Ready for Artificial Intelligence? (Part 1)
Part 1 – I, Robot
Sometimes, when writing a word document, I would spell a word so wrong, that MS Office spell check would just give up on me. It would say to me, “Lady, I know all the words in the English dictionary, and I have no clue what you want to say.” I would then copy the same misspelled word into Google search engine, and Google kindly and gently say, “Did you mean this?” And I would say, “yes! This is what I meant.”
This is the difference between the old world, and the new world of Artificial Intelligence. Artificial Intelligence technology can deduce what the user needs, and apply it as necessary.
For an AI technology to be successful and penetrate human and business processes is largely dependent on two dimensions:
- The human ability to accept the presence of AI
- The readiness of the technology
Let’s discuss the readiness of the technology first. This requires three conditions:
- Enough data exists on the topic that AI is solving
- Enough processing power exists to be able to process the data in a meaningful timeframe
- Enough mathematical and scientific algorithm tools to analyze the data in interesting ways
My Position on the Issue of Artificial Intelligence Technology Readiness
My colleagues and I believe that AI technology has reached the point of maturity, where it is ready for use in data management. Let’s check it using the three criteria above:
Do We Have Enough Data?
We at Informatica collect metadata (data about the data – not the data itself) across a broad spectrum. This metadata is used as training sets to train the AI engine. The metadata collected includes:
- Technical metadata – such as database tables, column information and data profiling statistics.
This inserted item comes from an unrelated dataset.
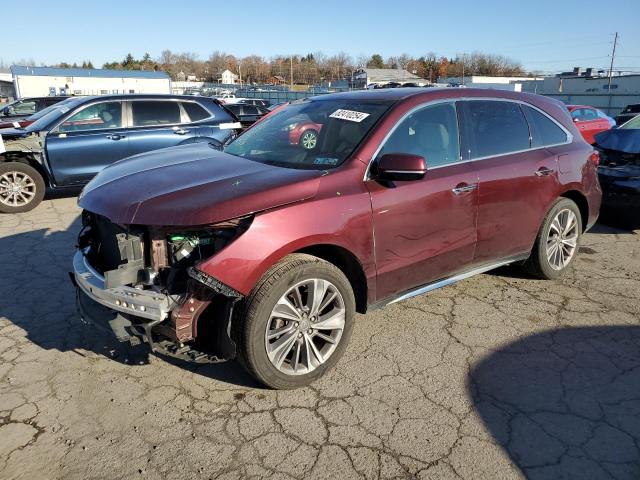 acura mdx techno 2018 5j8yd4h54jl017500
- Business metadata – such as the meaning and business context around the data as well as who owns the data.
- Operational metadata – such information about systems and process execution. Examples would include metadata such as when was the data last updated, when was the load process last run, when was the data most recently accessed?
- Usage metadata – such as metadata about user activity including data sets accessed, ratings, search results clicked on or comments provided.
All of this data is used to train the different algorithms and scientific tools to create a tool that can identify, recommend and automatically process steps for the user without the user being actively involved.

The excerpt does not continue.